The problem with a "pure democracy" is that majority cannot be smarter than the top 5% individuals, so really good ideas almost never getting thorough the bulk of a bell curve.
I think a strong argument against that syntax is that namedtuples are, essentially, an abstract class (or maybe a metaclass). An anonymous namedtuple doesn't really make sense. You want the type information.
As of python 3.6, this is already possible:
class Point2D(typing.NamedTuple):
x: int
y: int
p = Point2D(x=2, y=4)
If you allow anonymous namedtuples you lose one of the big values of a namedtuple, which is that if I want a Point2D, you can be sure I'm getting a Point2D, and not a Point3D. With anonymous namedtuples, there's nothing stopping you from passing a (x=2, y=3, z=4), when you wanted a (x=2, y=3). And maybe that will work fine, but maybe not (or the reverse).
All this is to say, an anonymous namedtuple is an oxymoron. NamedTuples should be named. This isn't a "really good idea".
> The problem with a "pure democracy" is that majority cannot be smarter than the top 5% individuals, so really good ideas almost never getting thorough the bulk of a bell curve.
Python is governed as "benevolent dictatorship" (with Guido as BDFL and maintainers as your "top 5%"), definitely not "pure democracy", so your argument doesn't really hold.
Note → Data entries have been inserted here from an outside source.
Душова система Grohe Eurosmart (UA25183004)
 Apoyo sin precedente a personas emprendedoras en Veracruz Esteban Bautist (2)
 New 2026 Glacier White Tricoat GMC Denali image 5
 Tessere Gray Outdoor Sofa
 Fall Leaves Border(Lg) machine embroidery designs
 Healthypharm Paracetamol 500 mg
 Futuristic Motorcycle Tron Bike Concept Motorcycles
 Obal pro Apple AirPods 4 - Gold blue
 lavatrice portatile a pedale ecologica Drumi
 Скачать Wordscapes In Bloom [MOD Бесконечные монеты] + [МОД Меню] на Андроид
When it comes to the syntax, just because something is "very clever" doesn't mean that it's necessarily a good idea. Syntax changes should be carefully considered and introduced only if the benefit clearly outweighs the cost of extra complexity.
Why is (x=1, y=2) more practical than nt(x=1, y=2)? Also, we have a very efficient implementation for tuples. collections.namedtuple is quite fast and the article shows cnamedtuple (which I am the author of) which is a C implementation that is even faster. None of this needs a change to the language itself.
All people ever wanted was just a way to write in one line ´Point3D = struct(x, y, z)´ that translates into the exact equivalent of:
What would be the startup performance of parsing the above 5 line class compared to a namedtuple? Surely it should be faster to create it with a shorthand form built into the language, if the functionality is equivalent?